One of the major sinks for oxygen on early Earth would have been reduced iron. At the same time iron could have provided shielding against ultraviolet (UV) light that would have been reaching Earth’s surface in the absence of the ozone shield generated by atmospheric oxygen. Nanophase ferric oxide minerals in solution could provide a sunscreen against UV while allowing the transmission of visible light, in turn making the evolution of at least some photosynthesic organisms possible. We will test [Drs. Janice Bishop and Lynn Rothschild] this hypothesis through coupled mineralogical and microbiological work in both the lab and the field, and examine its implications not only for Earth but for Mars as well—with an emphasis on implications for upcoming spacecraft observations.
The survival of microorganisms in very high UV environments can also be tested empirically through the exploration of Earth’s highest altitude lakes and ponds, in Bolivia and Chile. We propose [Drs. Nathalie Cabrol and Edmond Grin] a series of investigations of these lakes to examine the strategies employed by these microorganisms.

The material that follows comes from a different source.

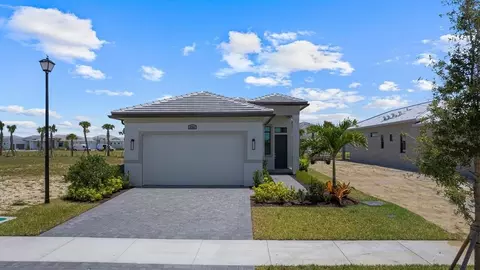 8065 SW Andrea Way, Port Saint Lucie, FL 34987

Just as globalscale changes in oxygen (or iron) were critical for the early biosphere, so too would have been global processes involving other key “biogenic” elements such as carbon [Dr. Bakes] or nitrogen [Drs. Rocco Mancinelli, Amos Banin, David Summers, and Bishun Khare]. We propose coupled laboratory and field research to understand the partitioning of nitrogen on early Earth—and on Mars—between different possible reservoirs, and the abiotic to biotic transition in this cycling.
The work described so far examines the evolution of planetary surface habitability. With the recognition that a subsurface ocean likely exists on Jupiter’s moon Europa, we know that habitability in possibly entirely subsurface environments must also be explored. We propose spacecraft data analysis and modeling to examine the geology of Europa and its implications for the free energy sources that would be needed to power a europan biosphere [Drs. Cynthia Phillips and Christopher Chyba]. We will then couple these results with terrestrial analog work [Chyba] and direct lowtemperature laboratory experiments [Dr. Max Bernstein] to make predictions about the possible abundance and survivability of any oceanic biomarkers that might reach Europa’s surface through active geology. These results will have implications for astrobiological exploration of Europa from either an orbiter or a surface lander.
Finally, we suggest research (Drs. Peter Backus, Jill Tarter, and Chyba) to examine the prospects of planets orbiting dwarf M stars being habitable for either microscopic or complex life. The results of this work will directly influence the strategy employed in the next generation SETI search program to begin in 2005.